Cemetery Information

Country
Poland
Region
Masovian Voivodeship
District
Otwock
Settlement
Karczew
Site address
1, Otwocka Street.
GPS coordinates
52.0805742, 21.2471938
Perimeter length
593 metres
Is the cemetery demolished
no
Type and height of existing fence
There is an iron fence (1.5m high) on stone block posts with decorative elements (stars of David), which was installed in 2006.
Preservation condition
Fenced and protected Jewish cemetery
General site condition
The Jewish cemetery of Karczew is situated on a small hill in the central part of the town. The area is a meadow, covered with wild grasses and rare trees. The south-eastern corner of the historical cemetery area is overbuilt with a private residential household and the western border appears to be partially overbuilt by the Ślusarska Road. The majority of the cemetery is preserved and fenced as a Jewish cemetery. Several hundred tombstones, a modern ohel and an information board are present in the area. Graffiti was seen on some Matzevot.
Number of existing gravestones
436. Some matzevot have inscriptions not only in Hebrew, but also in Russian and Polish.
Date of oldest tombstone
1869, 1876
Date of newest tombstone
1913, 1930
Urgency of erecting a fence
Fence is not needed
Land ownership
Other
Preserved construction on site
There is an Ohel dedicated to Awraham Jehoszua Heszel, son of Mordechaj Twerski (died in 1914).
Drone surveys
No

Historical overview

Jews began to settle in Karczew at the end of the 18th century. In 1921, 836 Jews lived in the town (25.6% of the entire population), most of whom were deported in January 1941 to the Warsaw Ghetto and were murdered a year later in Treblinka.

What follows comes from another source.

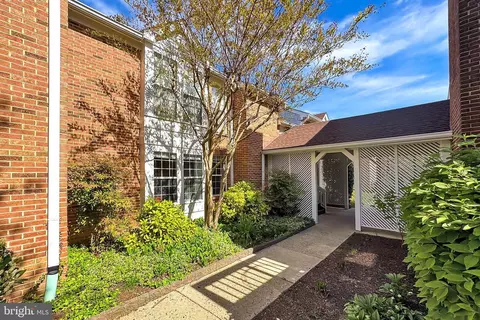 2588 E S Arlington Mill Dr, Arlington, VA 22206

The cemetery is located about 500 m north-west of the town centre, on a sandy hill at Otwocka Street, on a plot of land with an approximate area of 1.86 hectares. The date of its establishment is unknown, though it was likely established at the end of the 18th century or at the beginning of the 19th century. Initially, the cemetery covered a rectangular plot of land measuring 78 x 58 m. During World War II, the Germans carried out executions at the cemetery. The bodies of people who died or were killed in the Ghetto and in a forced labour camp were buried there. In 1948, the bodies of about 200 people who were murdered in 1942 in the Marpe sanatorium, were exhumed and buried in the cemetery. The destruction of the cemetery began during the war and continued through the following decades. Most of the tombstones were removed and demolished. The cemetery became an illegal landfill and a sand mine. In the 1980’s, during the construction of the pumping station, one of the sides of the hill was damaged, which caused the displacement of graves.

In 2002, thanks to the cooperation of the Jewish Community in Warsaw, the authorities of Karczew, the Polish Jewish Cemeteries Restoration Project, the United States Commission for the Protection of American Heritage Abroad, and private sponsors, the cemetery was fenced and cleaned up. In the cemetery, there are about 150 tombstones in various conditions. From the side of Otwocka Street, remains of the pre-war wall are visible. Around 2016, the ohel of Awraham Jehoszua Heszel, son of Mordechaj Twerski, a tzaddik in Łojów and Cudnów, who died in 1914, was erected. One serious problem in the cemetery is the dune-characteristics of the land. The owner of the cemetery is the Jewish Community in Warsaw and it is listed in the Register of Immovable Monuments of the Masovian Voivodeship (No. 1377, July 26, 1989).